Christos Kryparakos

Personal information
- Date of birth: 12 June 2003 (age 23)
- Place of birth: Athens, Greece
- Height: 1.74 m (5 ft 9 in)
- Position: Attacking midfielder

Team information
- Current team: Panathinaikos

Youth career
- 2015–2021: Panathinaikos

Senior career*
- Years: Team / Apps / (Gls)
- 2021–2024: Panathinaikos B / 67 / (1)
- 2024–: Panathinaikos / 0 / (0)
- 2024–2025: → Niki Volos (loan) / 16 / (1)
- 2025–2026: → PAS Giannina (loan) / 23 / (1)

International career^{‡}
- 2019: Greece U17 / 2 / (0)
- 2021: Greece U19 / 5 / (2)
- 2022–2024: Greece U21 / 10 / (0)

= Christos Kryparakos =

Greek footballer

Christos Kryparakos (Χρήστος Κρυπαράκος; born 12 June 2003) is a Greek professional footballer who plays as a midfielder for Super League club Panathinaikos.

== Club career ==
Kryparakos joined the Panathinaikos youth academy in 2015, beginning his development within the club's youth system.
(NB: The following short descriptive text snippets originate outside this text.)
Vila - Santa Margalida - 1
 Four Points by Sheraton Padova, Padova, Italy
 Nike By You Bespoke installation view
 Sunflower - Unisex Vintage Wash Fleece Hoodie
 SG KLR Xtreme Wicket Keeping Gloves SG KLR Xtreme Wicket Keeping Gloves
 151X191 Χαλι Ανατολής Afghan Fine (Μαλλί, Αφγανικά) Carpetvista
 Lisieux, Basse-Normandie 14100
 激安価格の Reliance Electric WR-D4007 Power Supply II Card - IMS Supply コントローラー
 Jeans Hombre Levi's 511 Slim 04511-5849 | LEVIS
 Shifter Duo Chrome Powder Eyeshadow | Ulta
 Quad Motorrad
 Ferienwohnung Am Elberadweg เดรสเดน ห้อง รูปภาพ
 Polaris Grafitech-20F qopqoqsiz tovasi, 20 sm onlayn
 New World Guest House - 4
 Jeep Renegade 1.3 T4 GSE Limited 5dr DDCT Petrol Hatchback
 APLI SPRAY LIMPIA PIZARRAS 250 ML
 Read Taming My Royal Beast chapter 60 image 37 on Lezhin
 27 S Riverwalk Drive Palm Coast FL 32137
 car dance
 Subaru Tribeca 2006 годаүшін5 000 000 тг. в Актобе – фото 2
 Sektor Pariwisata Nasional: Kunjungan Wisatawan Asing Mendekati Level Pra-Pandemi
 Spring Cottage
He signed his first professional contract with Panathinaikos in April 2021, committing his future to the club on a three-year deal. In the following years, Kryparakos played for Panathinaikos B.

For the 2024–25 season, Kryparakos joined Niki Volos on loan, making 16 appearances and scoring one goal. The following season, 2025–26, Kryparakos joined PAS Giannina on loan, making 23 appearances and scoring one goal.